→ **Work to be completed**:
Drop all images and give the records again exactly.
━━━━━━━━━━━━━━━━━━━━
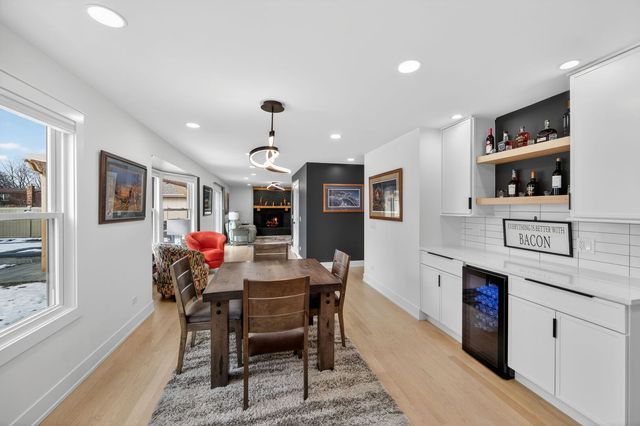 221 Olesen Drive, Naperville, IL 60540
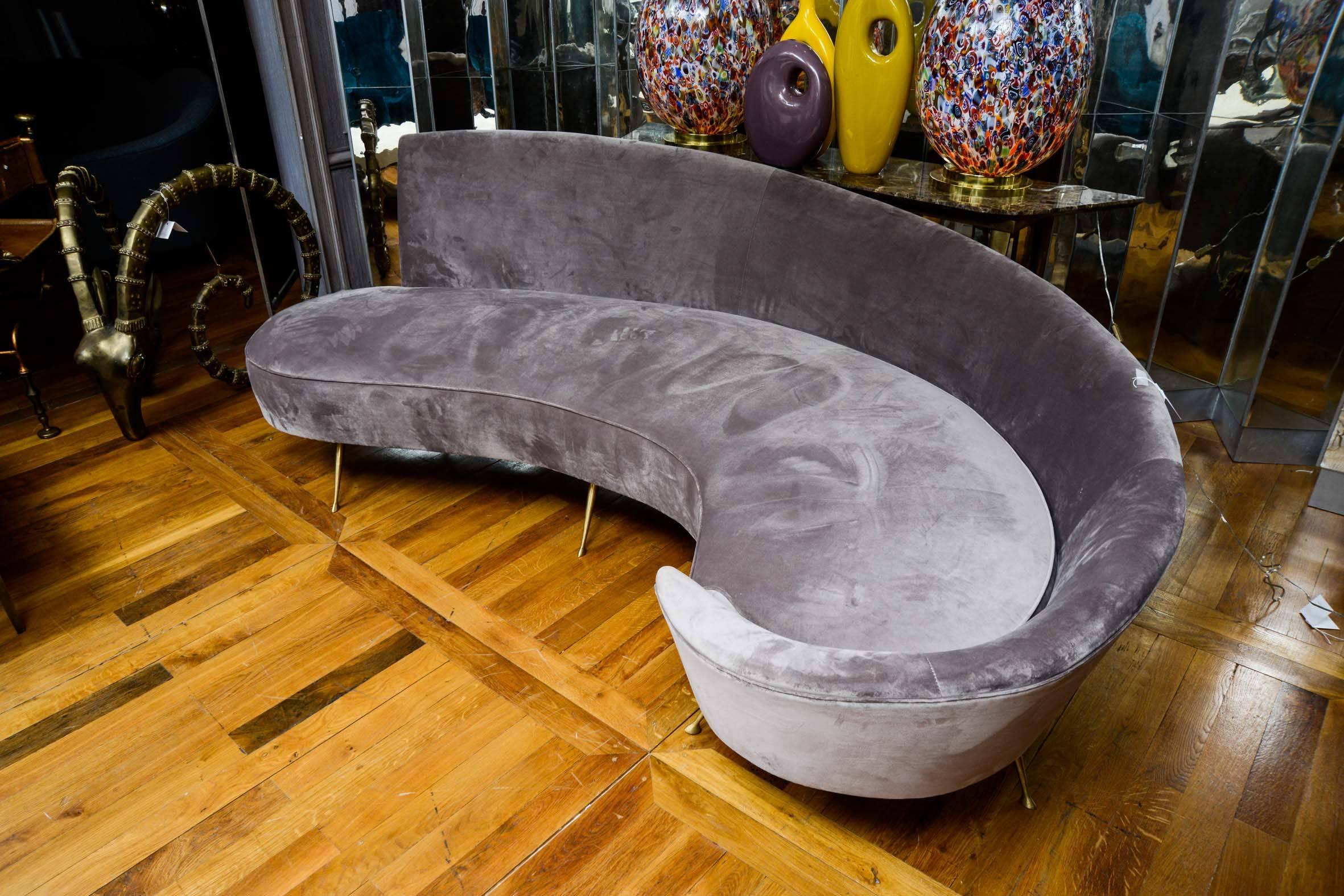 Curved Vintage Sofa In Excellent Condition In Saint-Ouen (PARIS), FR
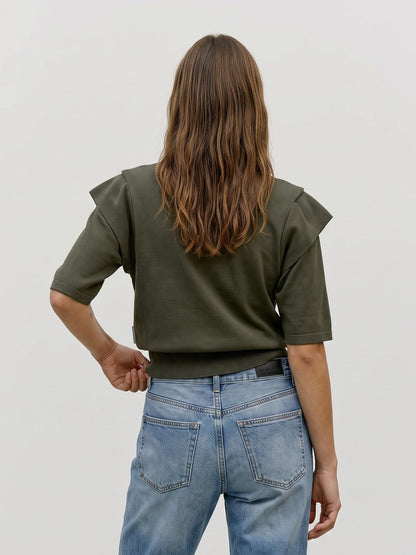 model_shot-back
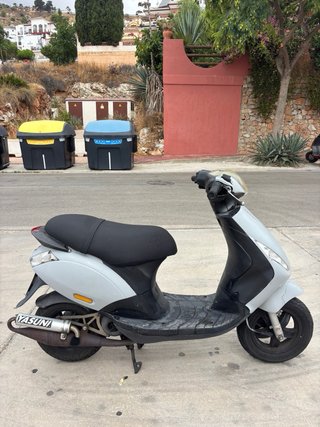 Piaggio Zip 50cc 2t Scooter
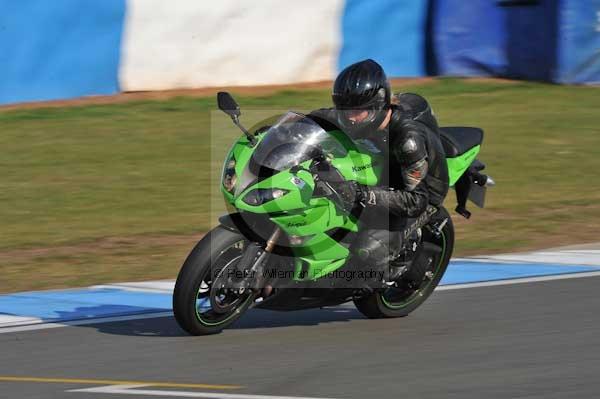 Motorcycle action photographs;Trackday digital images;donington;donington park leicestershire;donington photographs;event digital images;eventdigitalimages;no limits trackday;peter wileman photography;trackday;trackday photos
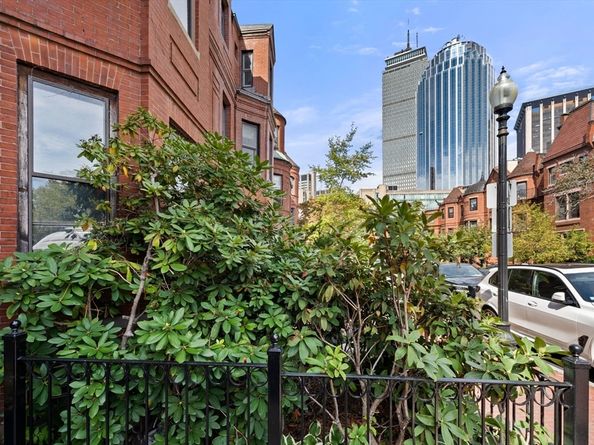 234 W Newton St 1, Boston MA 02116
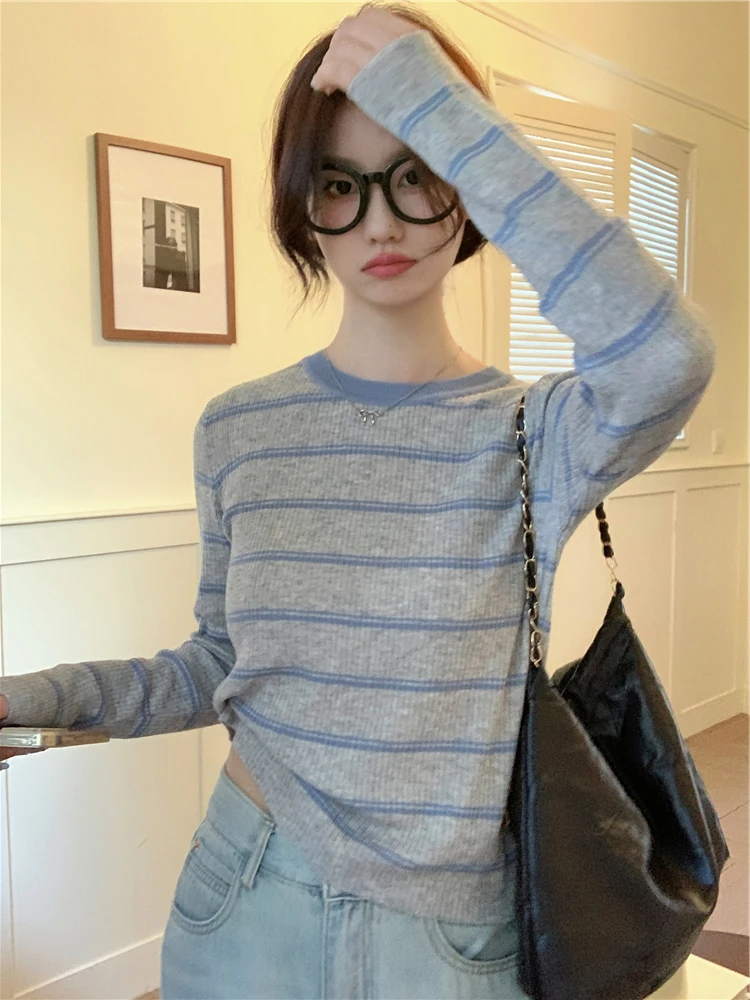 Женский вязаный свитер в полоску осень и зима 2024 новый маленький облегающий крой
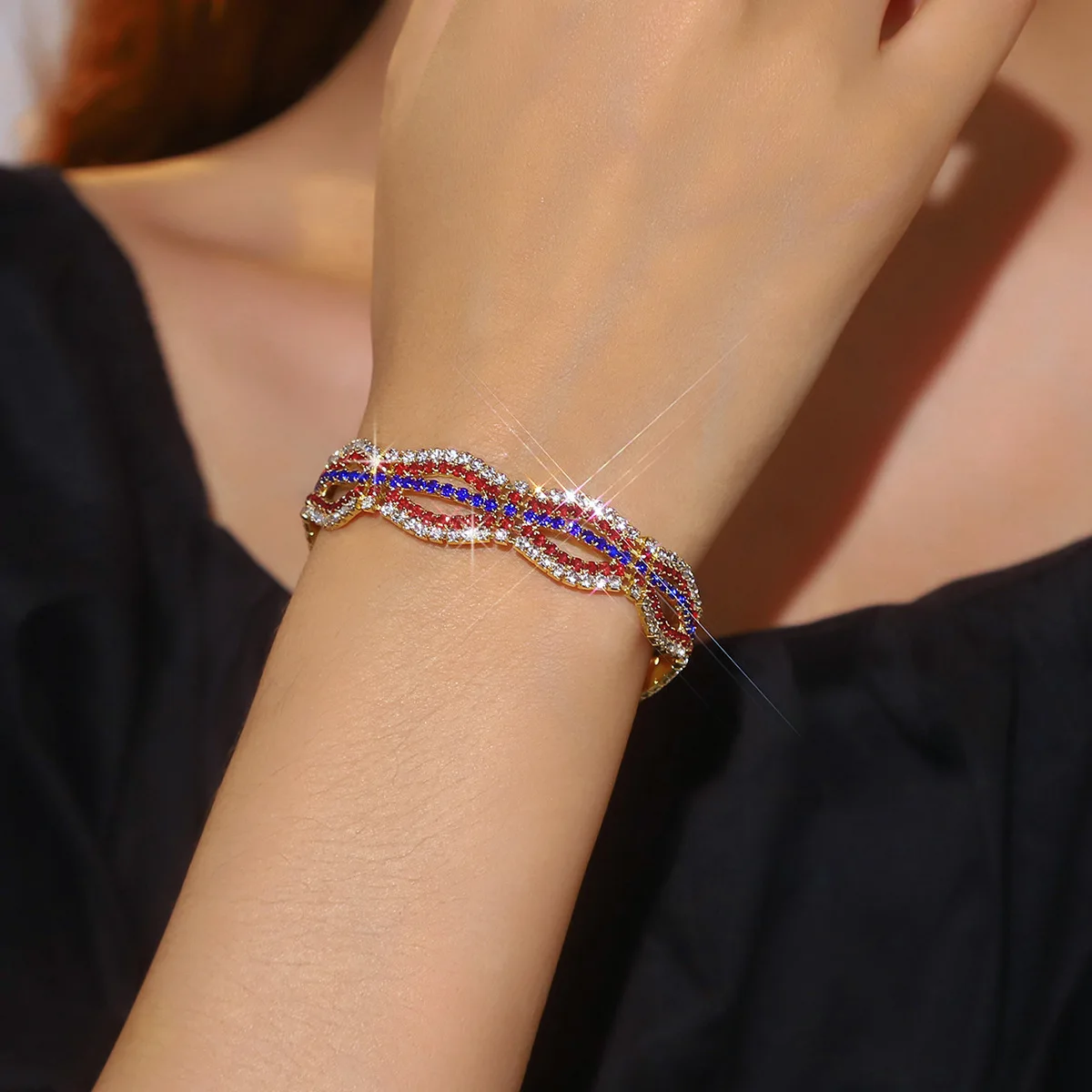 Amazon, all-copper high-end super flash full diamond bracelet women, light luxury geometric exquisite bracelet hand jewelry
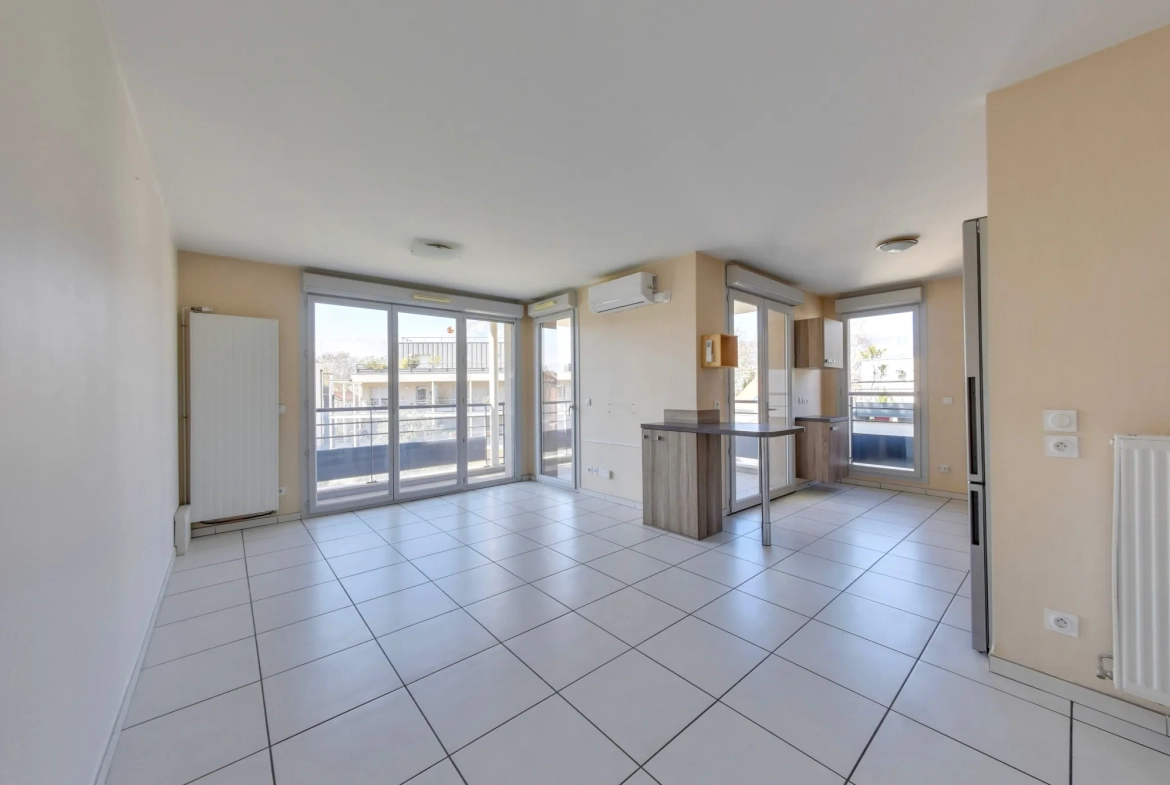 Appartement T3 lumineux de 65m² avec garage à Grenoble 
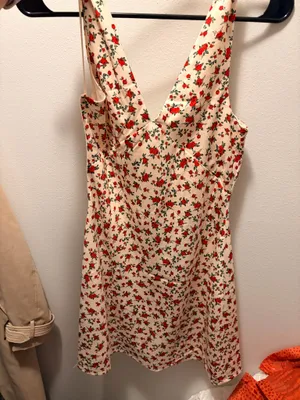 Little Red Dress Mini Size 4 thumbnail 2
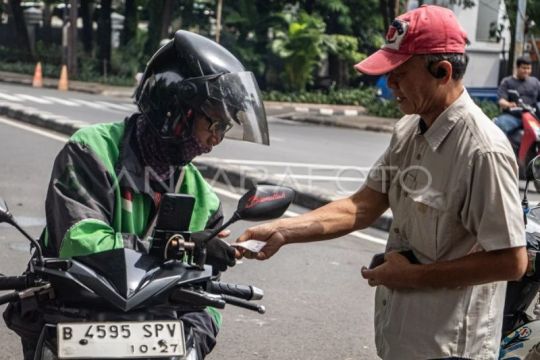 Pemerintah turunkan komisi tarif ojek daring
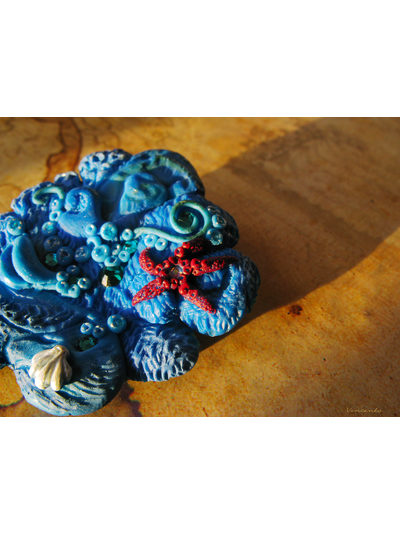 Брошь "Кусочек моря" со стразами Сваровски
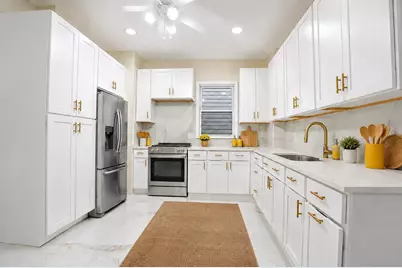 164 Bayview Ave, Jersey City, NJ 07305 - Photo 3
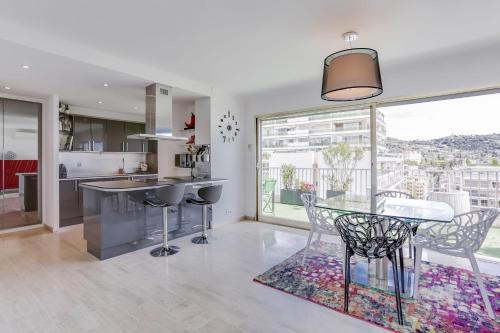 Appartement IMMOGROOM - Apartment with terrace - AC - Parking 91 Boulevard Carnot Cannes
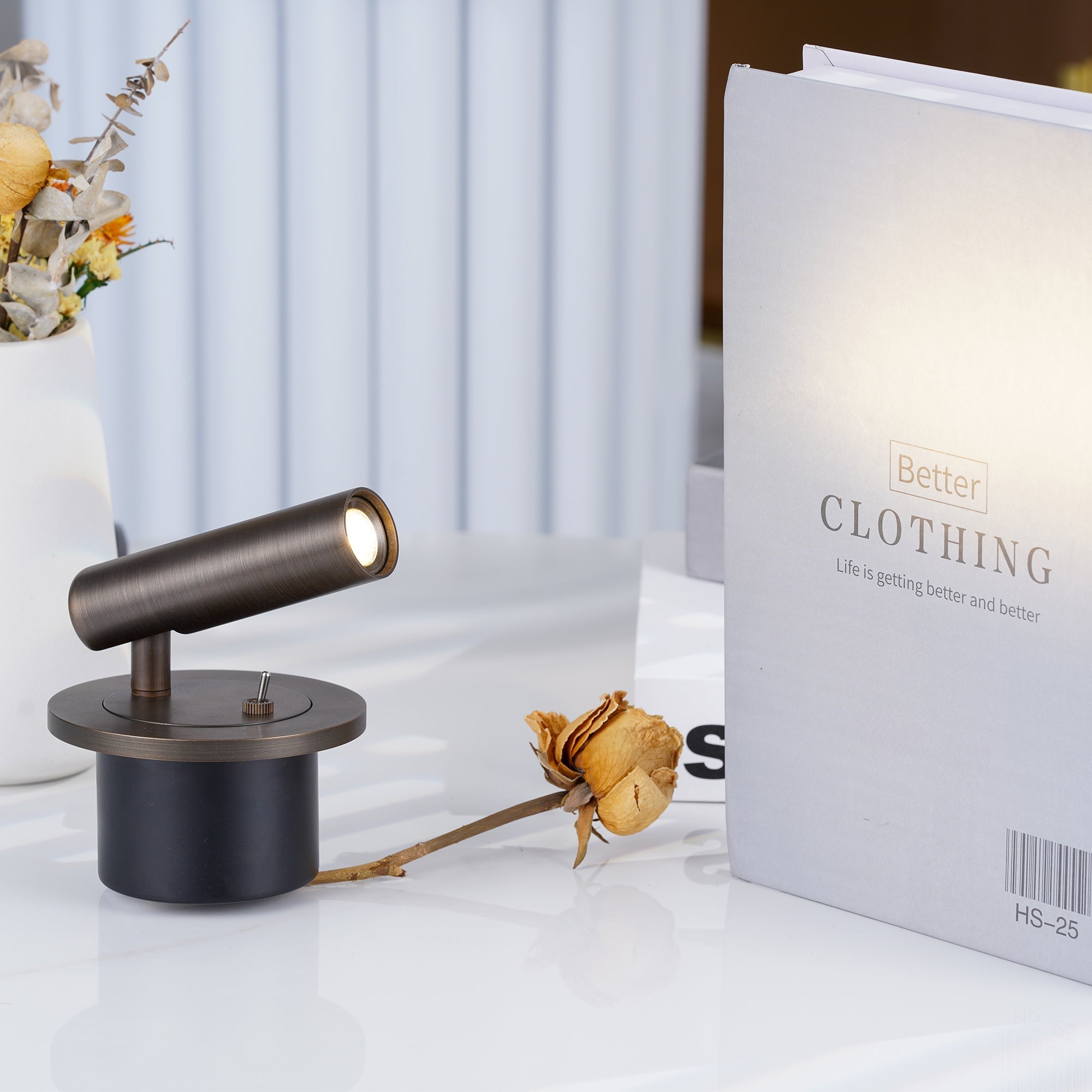Meso Reading Wall Light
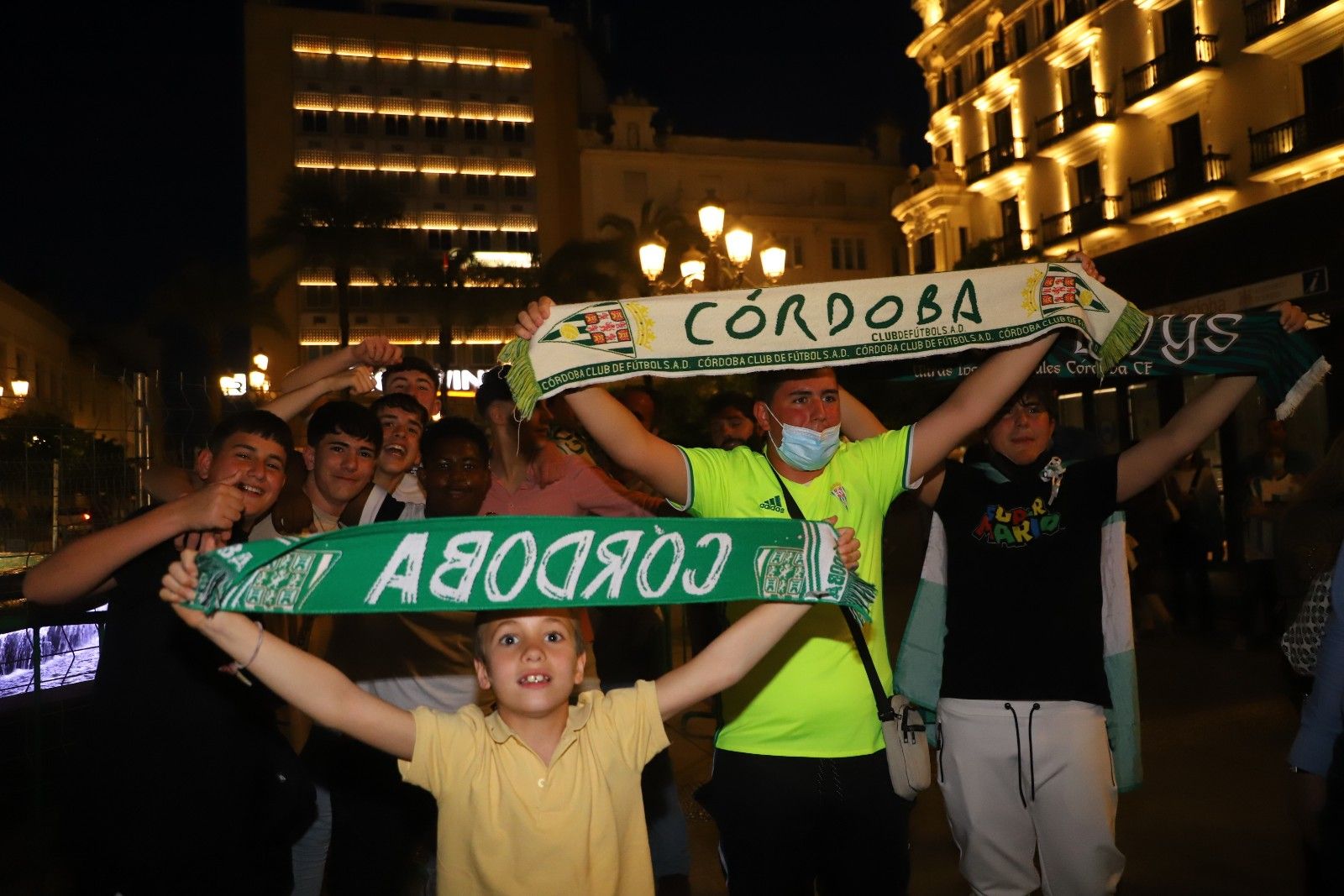 Los aficionados cordobesistas celebran el ascenso en Las Tendillas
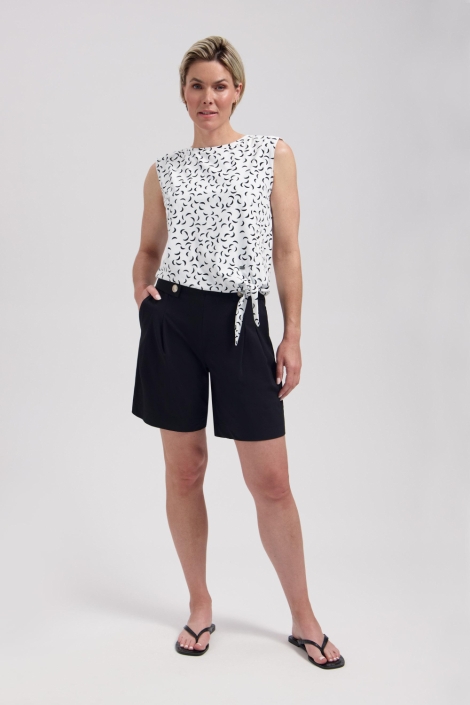 Lady Day zwarte dames korte broek | Model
━━━━━━━━━━━━━━━━━━━━
→ **Your response**:
 221 Olesen Drive, Naperville, IL 60540
 Curved Vintage Sofa In Excellent Condition In Saint-Ouen (PARIS), FR
 model_shot-back
 Piaggio Zip 50cc 2t Scooter
 Motorcycle action photographs;Trackday digital images;donington;donington park leicestershire;donington photographs;event digital images;eventdigitalimages;no limits trackday;peter wileman photography;trackday;trackday photos
 234 W Newton St 1, Boston MA 02116
 Женский вязаный свитер в полоску осень и зима 2024 новый маленький облегающий крой
 Amazon, all-copper high-end super flash full diamond bracelet women, light luxury geometric exquisite bracelet hand jewelry
 Appartement T3 lumineux de 65m² avec garage à Grenoble 
 Little Red Dress Mini Size 4 thumbnail 2
 Pemerintah turunkan komisi tarif ojek daring
 Брошь "Кусочек моря" со стразами Сваровски
 164 Bayview Ave, Jersey City, NJ 07305 - Photo 3
 Appartement IMMOGROOM - Apartment with terrace - AC - Parking 91 Boulevard Carnot Cannes
Meso Reading Wall Light
 Los aficionados cordobesistas celebran el ascenso en Las Tendillas
 Lady Day zwarte dames korte broek | Model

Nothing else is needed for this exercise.